Voice coil motor (VCM) is widely used in the electronic products. In recent years it is a popular solution for driving and focusing the lenses of cameras of smart phones and tablet computers. By taking signals from an image signal processor (ISP), a driver IC produces the corresponding current output to drive a voice coil actuator, thus changes the lens position to reach the focus point. Since voice coil actuator changes lens position linearly for a short distance, it is widely used for precise tracking or focusing. VCM actuator can be modeled as a second order under damped system. As the size of VCM is getting smaller and the weight of VCM is getting lighter, the system damping ratio of the VCM actuator becomes smaller. When a driving current applied to the coil of VCM, the Lorentz force generated by electromagnetic force of the coil in a magnetic field from a permanent magnet moves lens linearly. However, the VCM actuator as a second order under damped system will cause mechanical oscillation. The lens will oscillate around the final focus position for a while, leading to a long focus time for the lens. The smaller the damping ratio is, the longer the time the lens settles to its final position.
In order to develop cameras with fast focus time, several methods in the art of driving VCM actuator have been suggested and practiced to eliminate the oscillation or decrease the oscillation magnitude. For example, one can increase the system damping ratio to limit the oscillation, so as to achieve fast focus. However, increasing the system damping ratio will increase the power consumption of the driving system, decrease the battery time, and therefore it is not practical and is not adopted in a camera of a mobile system.

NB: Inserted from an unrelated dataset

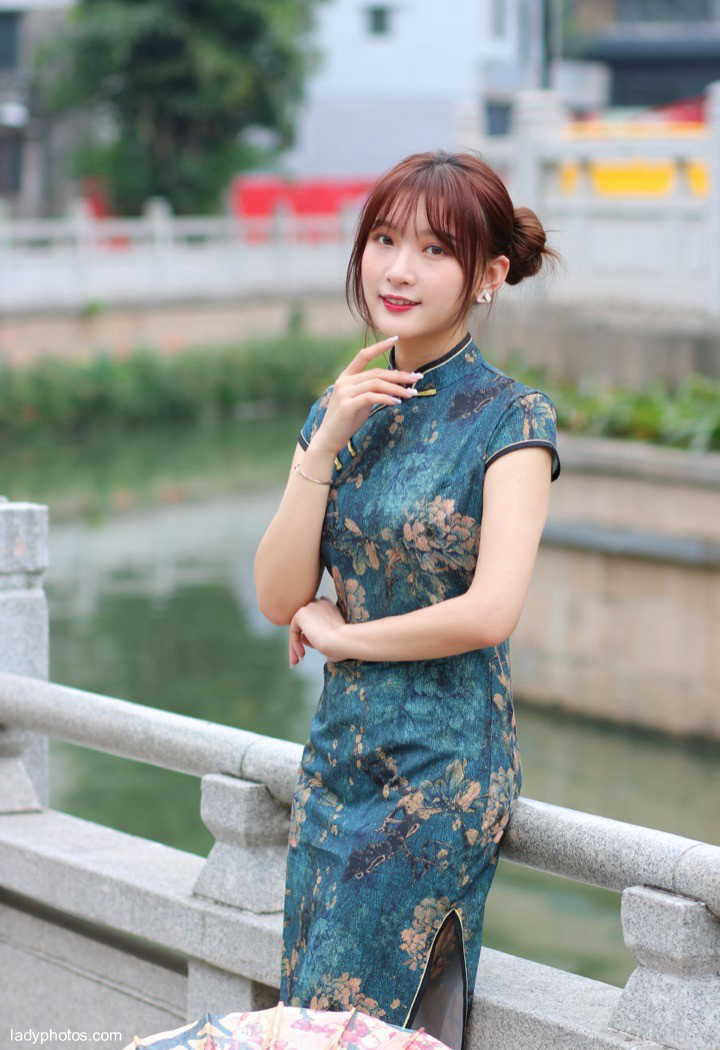 Her eyes are full of spring water, and her cheongsam is charming, fragrant and tender - 5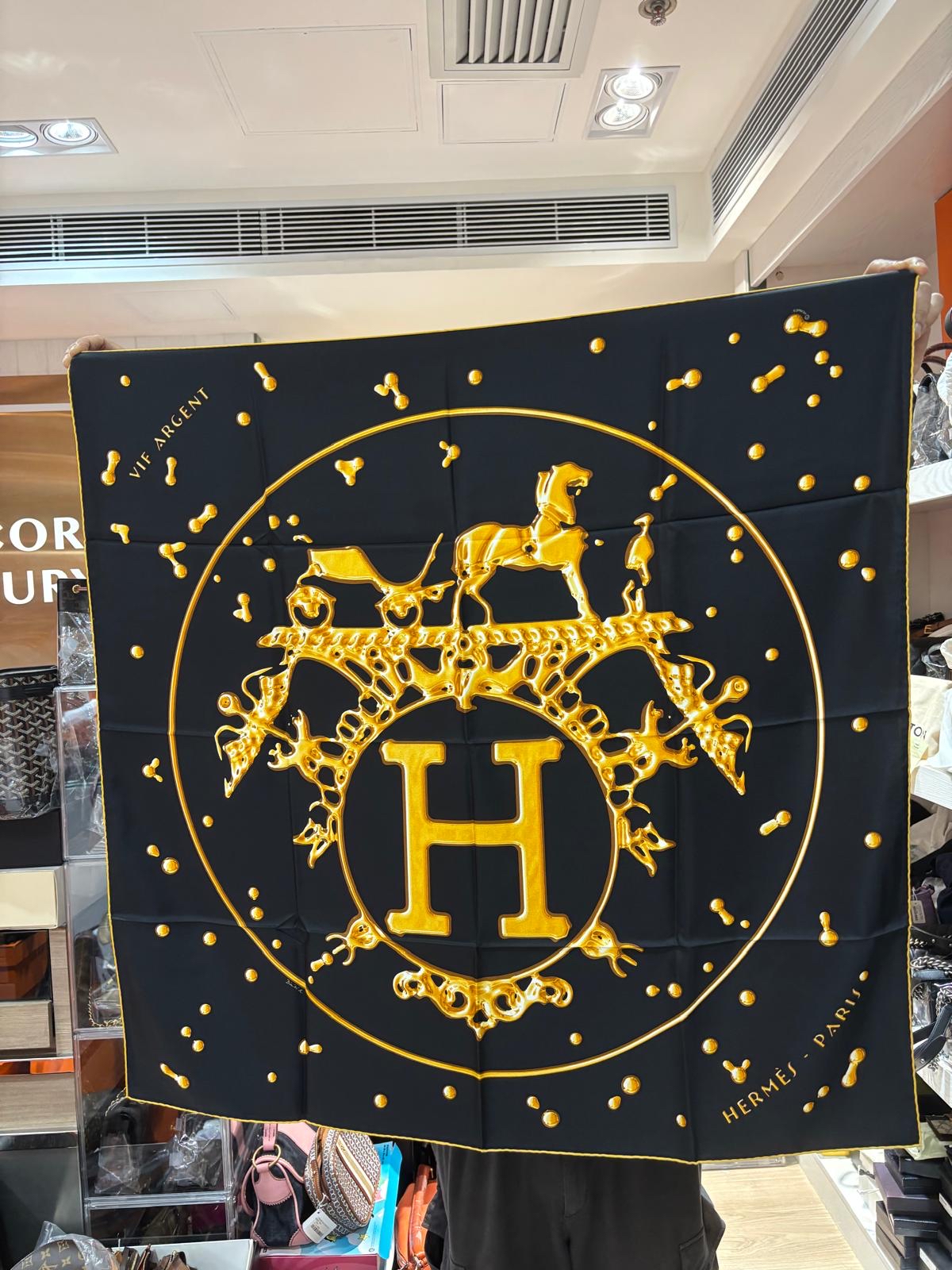 未使用品 Hermes 90*90 Scarf 100%Authentic, Unused 未使用品 ✅Box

US Patent Application No. 20110156763 discloses a two-step driving method to achieve a fast focusing speed. This method relies on a precise knowledge about the natural frequency of each individual VCM in order to provide the amplitudes for the two step signals to form a fast system response. In practice, every coil may have a slightly different natural frequency from the targeted manufacturer's design value, deviating from an actual natural frequency may lead to residual oscillation after the lens reaches the desired position, and therefore increase actual focusing time. Furthermore, in order to implement this method without a complicated driver device design, an assumption that the damping coefficient is zero has to be made. This assumption may further depart away from an actual VCM behavior, resulting in additional factors causing the residual oscillation.
In view of the above problems of controlling mechanical oscillations in an under damped second order VCM system, there are needs to improve the settling speed of a VCM, minimize the residual oscillation, and simplify the driver device design and configuration.